6. What is the oxidation state of $$\ce{In}$$ in $$\ce{In(OH)3}$$?

Hint: +3

Note -
Consider $$\ce{OH}$$ in the formula as $$\ce{OH-}$$.

7. What is the oxidation state of $$\ce{Fe}$$ in $$\ce{FeAsO4}$$?

Hint: +3

Note -
The oxidation state for $$\ce{As}$$ is +5, because it is an element in group 5A. Thus, the oxidation state is +3 for $$\ce{Fe}$$. The common oxidation states for $$\ce{Fe}$$ are +2 and +3.

8. In the reaction identify the reducing agent.

$$\ce{2 Cr^3+ + H2O + 6 ClO3- \rightarrow Cr2O7^2- + 6 ClO2 + 2 H+ }$$

Hint:$$\ce{Cr^3+}$$

Discussion -
Since $$\ce{Cr^3+}$$ is oxidized, it is a reducing agent.

9. Identify the reducing agent in the reaction:

$$\ce{Cr2O7^2- + H2C=O \rightarrow HCOOH + Cr^3+ }$$

The formula $$\ce{H2C=O}$$ with a double bond between $$\ce{C}$$ and $$\ce{O}$$ is an aldehyde, and it may also be written as $$\ce{H2CO}$$. The formula $$\ce{HCOOH}$$ is an acid.

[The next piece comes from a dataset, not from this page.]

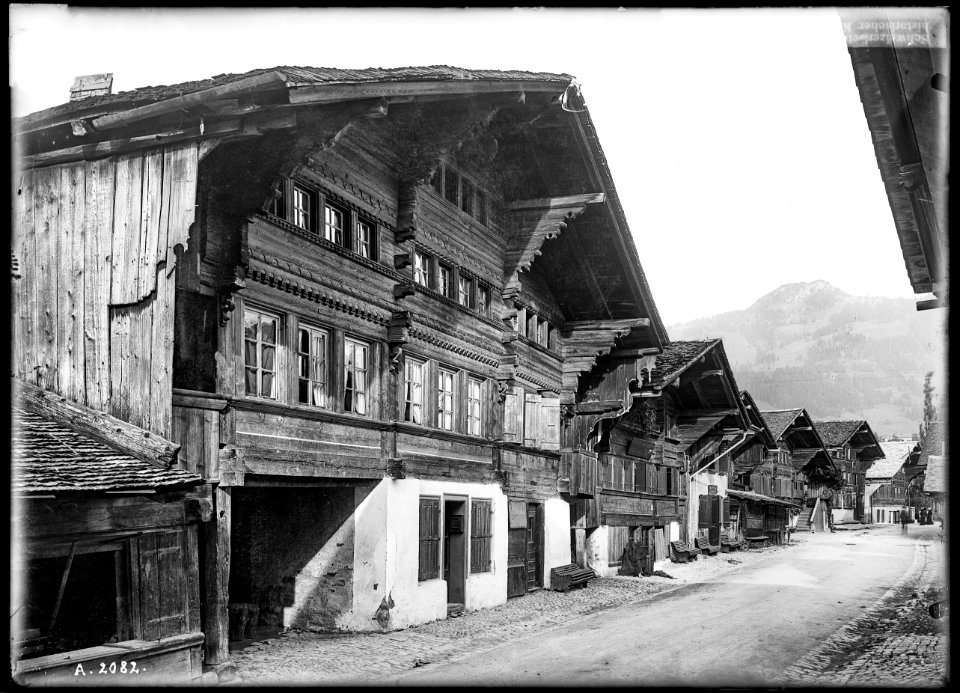 CH-NB - Saanen, vue partielle - Collection Max van Berchem - EAD-6697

Write it as $$\ce{H2CO2}$$ to determine the oxidation state of $$\ce{C}$$.

Hint: $$\ce{H2CO}$$

Note -
The aldehyde $$\ce{H2C=O}$$ is a reducing agent. Oxidation of an alcohol gives an aldehyde, oxidation of which gives an acid, which can further be oxidized to give $$\ce{CO2}$$.

10. Identify the reducing agent in the reaction:

$$\ce{7 CN- + 2 OH- + 2 Cu(NH3)4^2+ \rightarrow 2 Cu(CN)3^2- + 8 NH3 + CNO- + H2O}$$

Hint: $$\ce{CN-}$$

Smile -
You have just answered a fairly difficult question.

11. Identify the oxidant in the reaction:

$$\ce{7 CN- + 2 OH- + 2 Cu(NH3)4^2+ \rightarrow 2 Cu(CN)3^2- + 8 NH3 + CNO- + H2O}$$

Hint: The copper ammonia complex is the oxidant.

Note -
The oxidation state for $$\ce{Cu}$$ in $$\ce{Cu(NH3)4^2+}$$ is +2, but its oxidation state in $$\ce{Cu(CN)3^2-}$$ is +1. Thus, $$\ce{Cu(NH3)4^2+}$$ is the oxidant, because it is reduced.